## Activity
Each record below is to be retyped exactly, with its pictures omitted.

[Caption-style text data]
#####
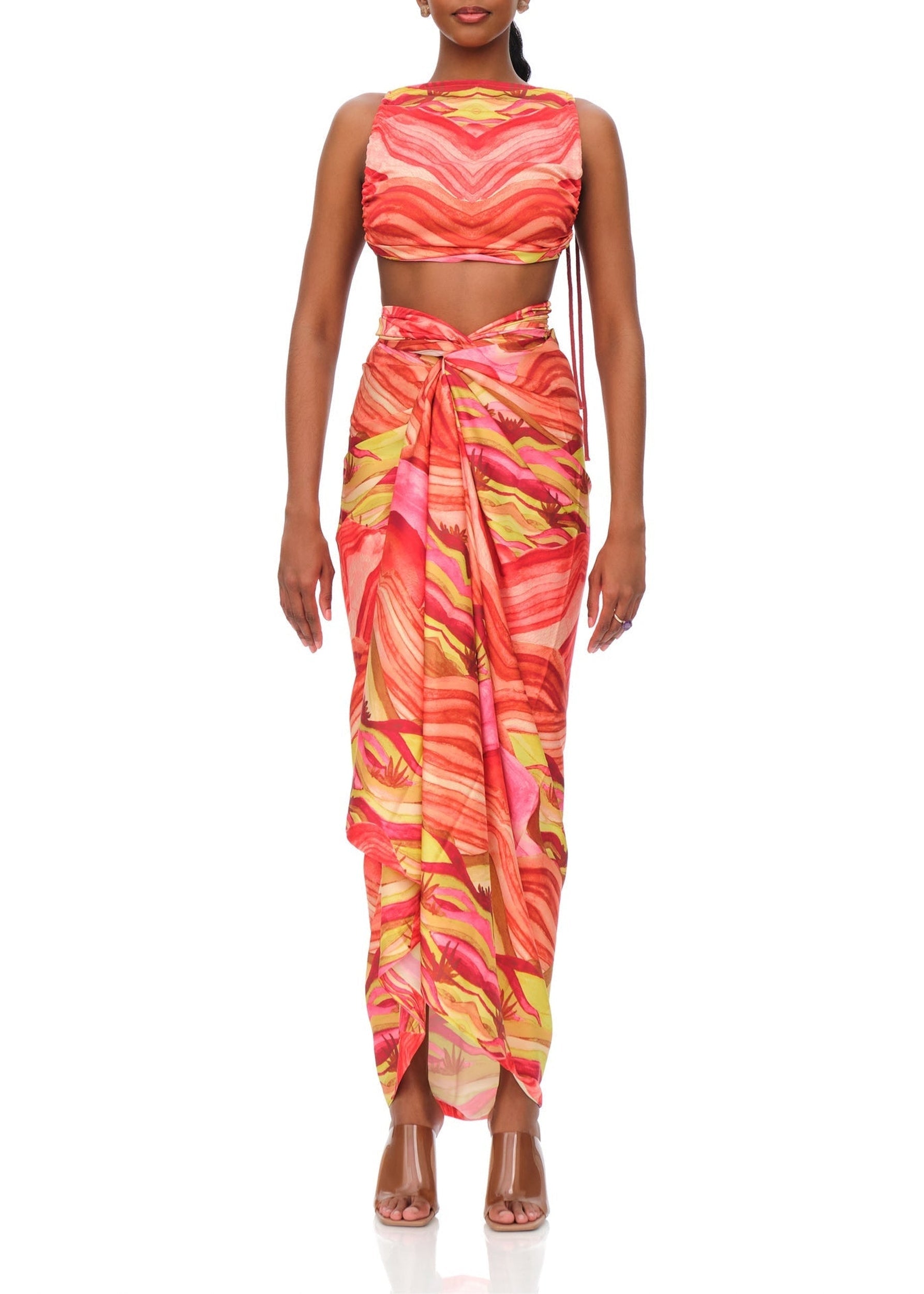 Aiko short tank top with thin straps - Sunset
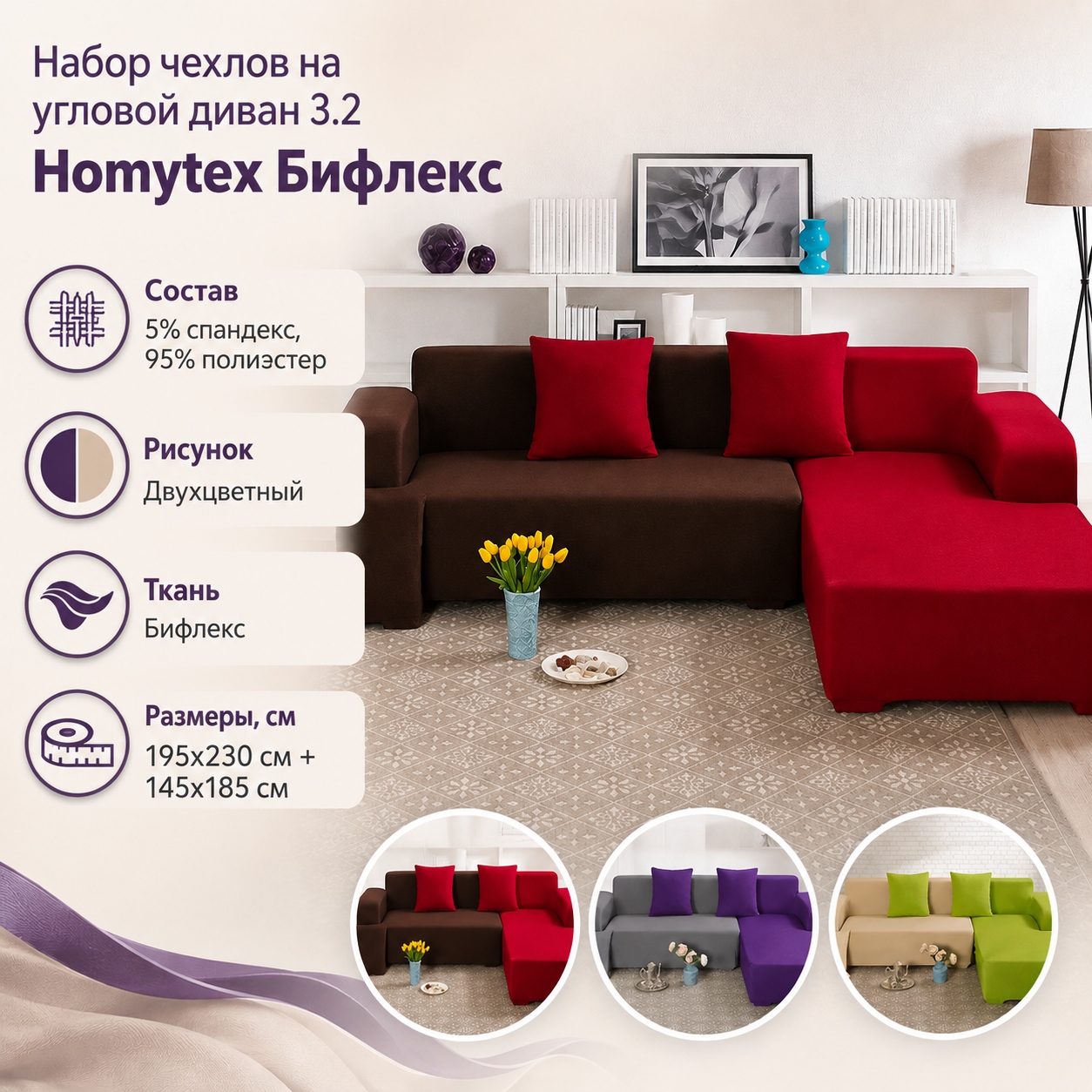 Инфографика Набор чехлов на угловой диван 3.2 Homytex Бифлекс, 195x230 см + 145x185 см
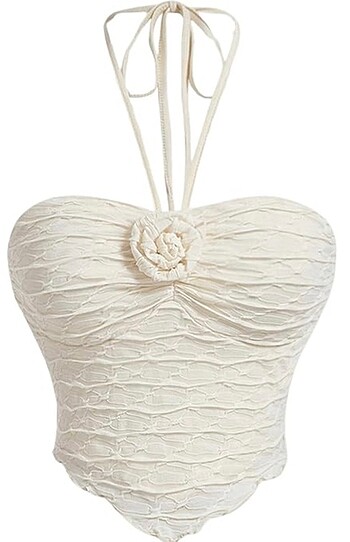 Shein boyundan bağlamalı bej crop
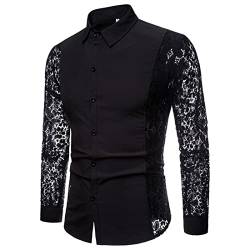 PECHEMO Herren Schwarzes Spitzenhemd Herbst Slim Fit Langarmhemden Abschlussball Ehehemd Nachtclubhemden, Arm Volle Spitze Durchsichtig Floral Einfarbig Modedesign Langarm Reversknopfbluse von PECHEMO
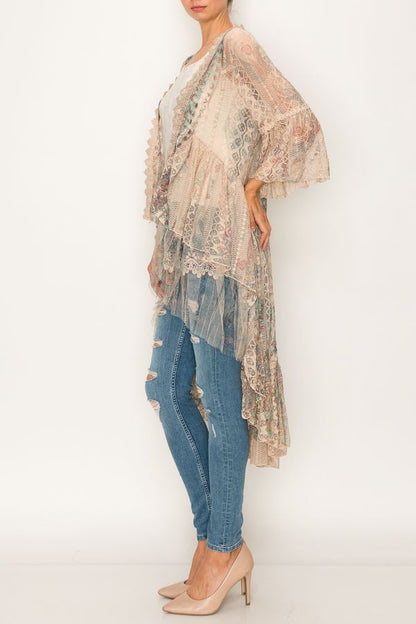 Ethereal Lace Tiered Kimono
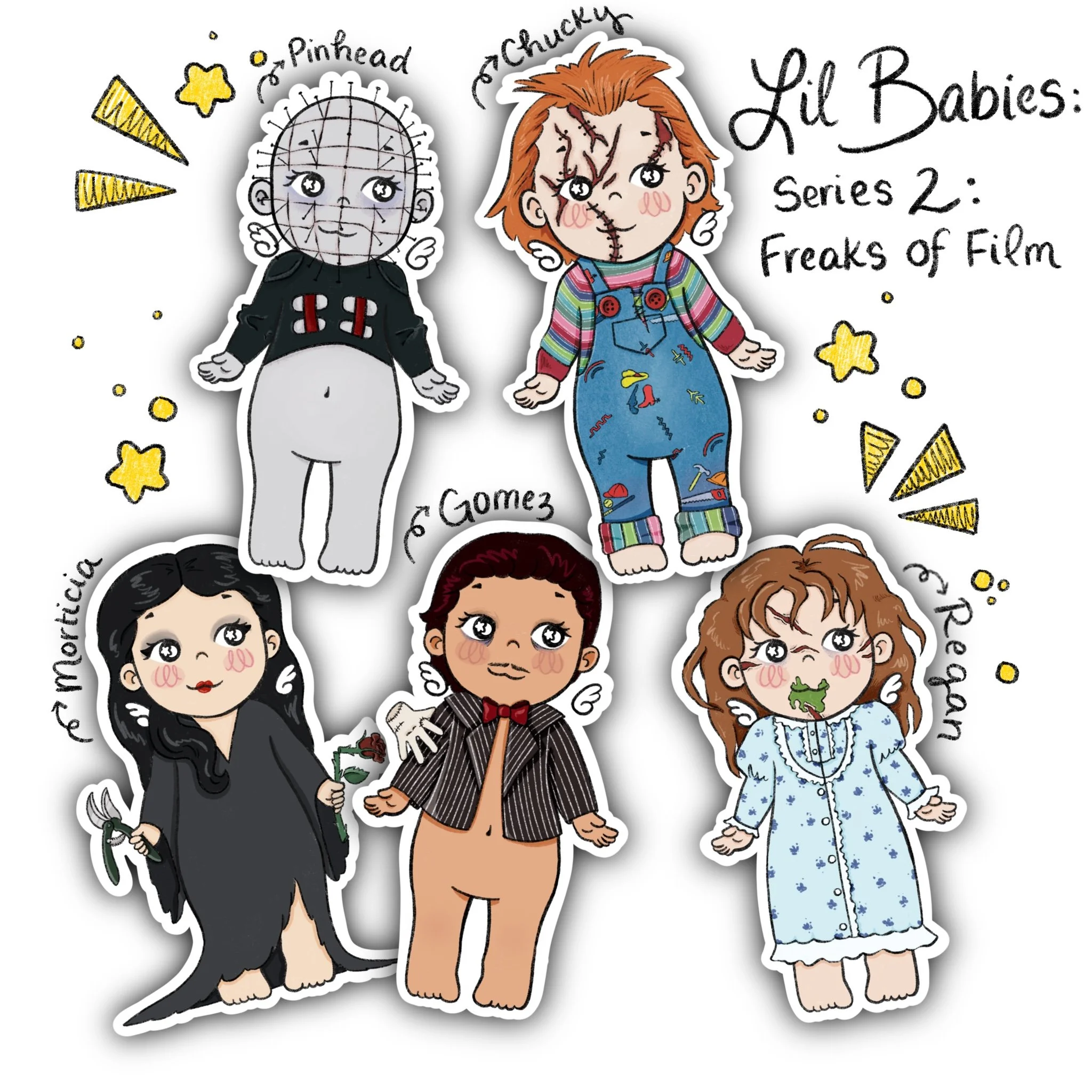 Lil Babies: Series 2: Freaks of Film Vinyl Stickers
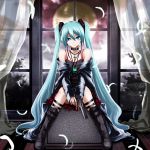  aqua_hair bare_shoulders blue_eyes boots choker desert_eagle feathers full_moon gun handgun hatsune_miku head_tilt highres jewelry kuromayu long_hair moon necklace pistol sitting smile twintails very_long_hair vocaloid weapon window zune 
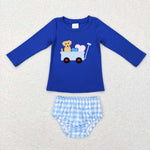GBO0192 Embroidery Dog Love Car Blue Baby Bummie Set Boy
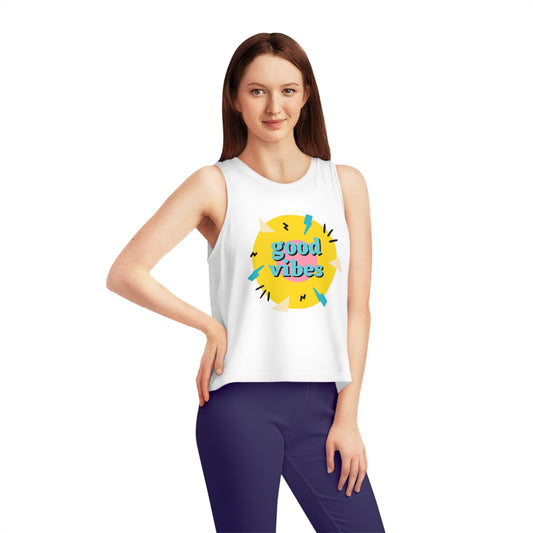 PoM's Self Motivation series ... "Good Vibes" - Women's Dancer Cropped Tank Top (100% organic cotton, 5 sizes and 4 colours)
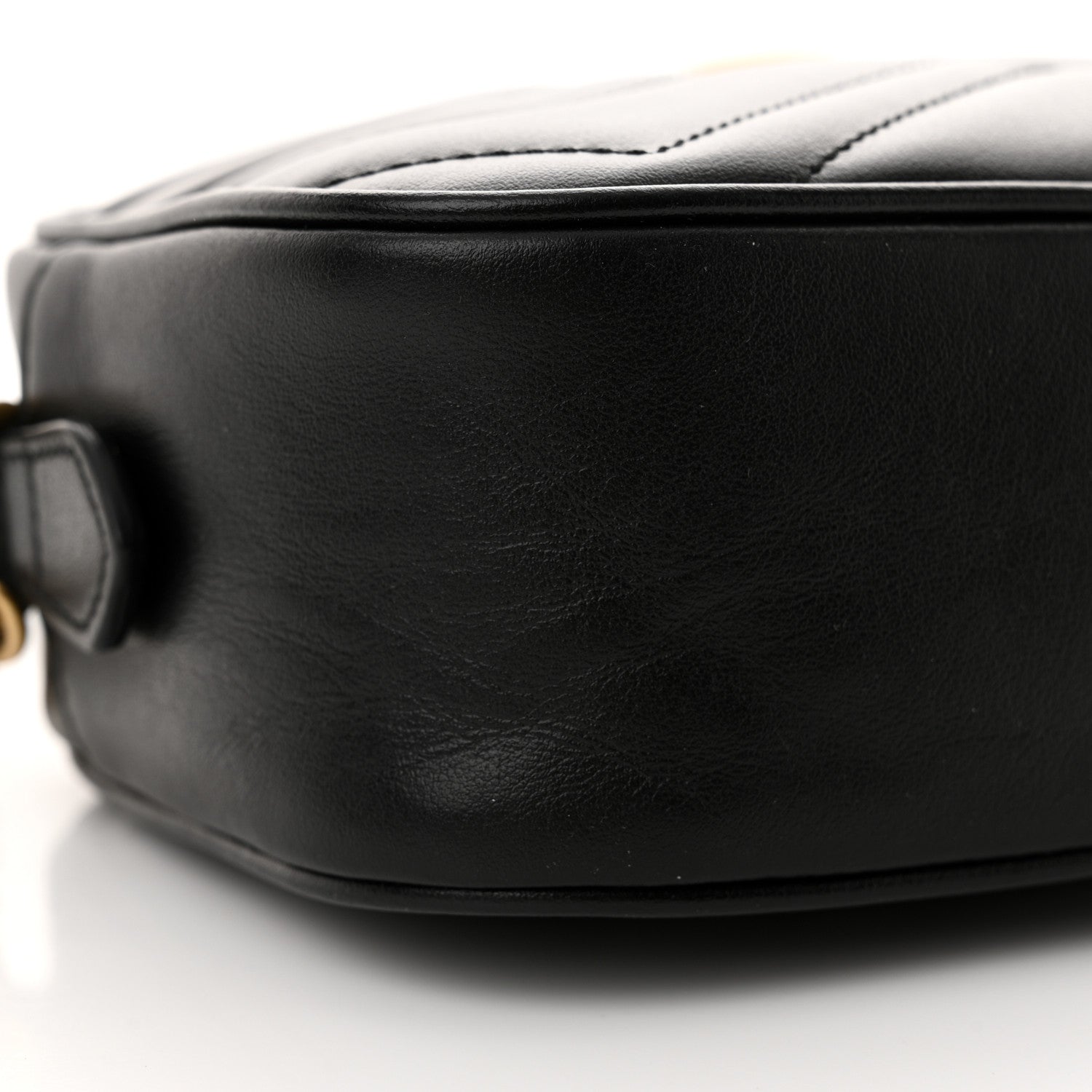 Gucci Calfskin Matelasse Mini GG Marmont Chain Shoulder Bag Black 9 of 10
#####
## Answer to the exercise
 Aiko short tank top with thin straps - Sunset
 Инфографика Набор чехлов на угловой диван 3.2 Homytex Бифлекс, 195x230 см + 145x185 см
 Shein boyundan bağlamalı bej crop
 PECHEMO Herren Schwarzes Spitzenhemd Herbst Slim Fit Langarmhemden Abschlussball Ehehemd Nachtclubhemden, Arm Volle Spitze Durchsichtig Floral Einfarbig Modedesign Langarm Reversknopfbluse von PECHEMO
 Ethereal Lace Tiered Kimono
 Lil Babies: Series 2: Freaks of Film Vinyl Stickers
  aqua_hair bare_shoulders blue_eyes boots choker desert_eagle feathers full_moon gun handgun hatsune_miku head_tilt highres jewelry kuromayu long_hair moon necklace pistol sitting smile twintails very_long_hair vocaloid weapon window zune 
GBO0192 Embroidery Dog Love Car Blue Baby Bummie Set Boy
 PoM's Self Motivation series ... "Good Vibes" - Women's Dancer Cropped Tank Top (100% organic cotton, 5 sizes and 4 colours)
 Gucci Calfskin Matelasse Mini GG Marmont Chain Shoulder Bag Black 9 of 10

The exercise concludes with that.